In summary, we profiled an scRNA-seq survey of ileal epithelia: 10,888 individual cells at day 0, 12,681 cells at day 1, 10,643 cells at day 3, 15,185 cells at day 7, 17,289 cells at day 14, and 15,492 cells at day 21. After quality control, 40,186 cells (6,487, 6,528, 6,762, 6,617, 6,949, and 6,643 cells for day 0, day 1, day 3, day 7, day 14, and day 21, respectively) were combined for further analysis. The cells were partitioned into 13 groups using unsupervised graph clustering (visualized by t-stochastic neighborhood embedding [tSNE]) as reported in previous studies (2, 8). Each cluster was characterized by a distinct cell type (2, 8): stem cells (SCs), transit-amplifying progenitors (TA), TA-G1, TA-G2, enterocyte progenitors (EP), early enterocyte progenitors (EPE), late enterocyte progenitors (EPL), immature enterocytes (EI), mature enterocytes (EM), enteroendocrine cells (EEC), and goblet, Paneth, and tuft cells with corresponding marker genes.
Proteomics analysis.
Ileal sample proteomics analysis was performed as reported in our earlier publications (45, 46).

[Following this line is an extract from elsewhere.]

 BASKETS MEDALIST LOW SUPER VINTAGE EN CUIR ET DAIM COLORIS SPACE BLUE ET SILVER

(i) Protein extraction and digestion. Ileal mucosa was homogenized in lysis buffer (100 mM Tris-HCl [pH 8.5], 7 M urea, 1% SDS, 5 mM TCEP [Tris(2-carboxyethyl)phosphine hydrochloride], protease inhibitors cocktail) at room temperature (RT). The bicinchoninic assay (BCA) was used to determine protein concentration, where 50 μg of protein was reduced with 5 mM TCEP at 56°C for 30 min and subsequently alkylated with 20 mM iodoacetamide in the dark, at RT for 30 min. Proteins were then precipitated using methanol-chloroform. Briefly, 4, 1, and 3 volumes of methanol, chloroform, and water, respectively, were added to the lysate; vortexing was performed after the addition of each solvent; and a final centrifugation took place in RT at 5,000 × g for 5 min. The supernatant was removed, cold methanol was used to wash the precipitate, and the sample was air dried. Finally, the precipitate was resuspended in 100 μl of digestion buffer (100 mM triethylammonium bicarbonate [TEAB] buffer; pH 8.0), trypsin was added at 1:25 (wt/wt), and protein digestion took place overnight at 37°C.

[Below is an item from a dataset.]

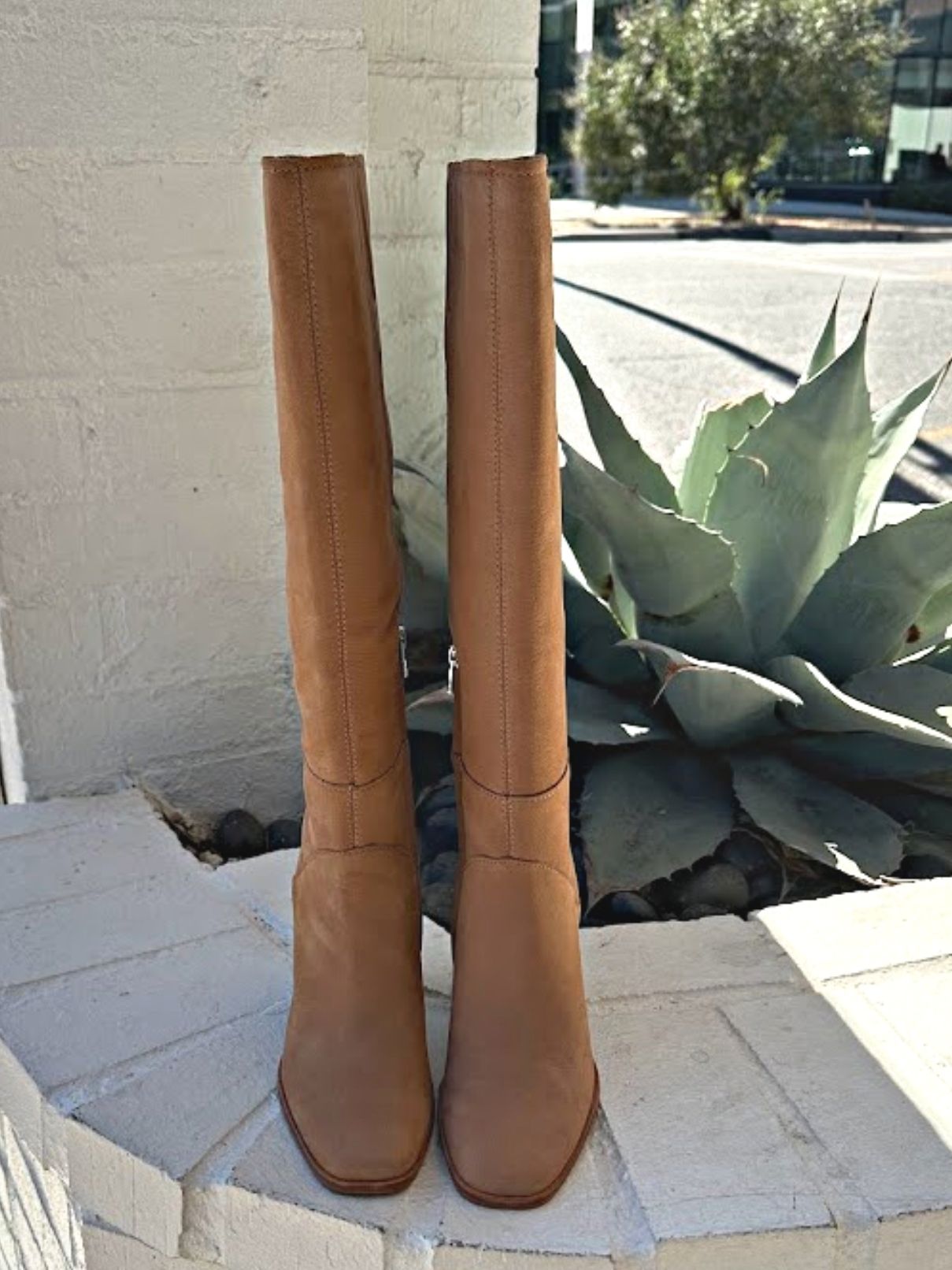Dolce Vita Fynn Boot in Brown Nubuck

(ii) TMTpro labeling. Two sets of TMTpro Plex amine-reactive reagents were used to label 30 samples (46). Channel 126 was used to label an equally proportioned sample as the reference channel. Briefly, the reactive reagents were resuspended in 30 μl of anhydrous acetonitrile; they were added to each sample and mixed by vortexing. Reactions proceeded at room temperature for 1 h and were halted by the addition of 8 μl of 5% hydroxylamine for 15 min. The labeled samples were then pooled, freeze-dried, and resuspended in 20 μl of 0.1% formic acid and 2% acetonitrile in water for a fraction. Peptides were then loaded onto a Waters XBridge C18 column (5 μm, 4.6 by 100 mm, 120 Å). Ammonium formate in water formed buffer A (10 mM; pH 10) and ammonium formate in acetonitrile formed buffer B (10 mM; pH 10). Peptides were separated according to the following gradients: 0 to 3 min, 5% B; 3 to 40 min, 60% B; 40 to 48 min, 80% B; 48 to 52 min, 80% B; 52 to 53 min, 5% B; and 53 to 55 min, 5% B. In total, 44 fractions were collected, dried in a SpeedVac, blended into 11 fractions, and resuspended in 0.1% formic acid and 2% acetonitrile for subsequent nano-liquid chromatography–tandem mass spectrometry (nano-LC–MS/MS) analysis.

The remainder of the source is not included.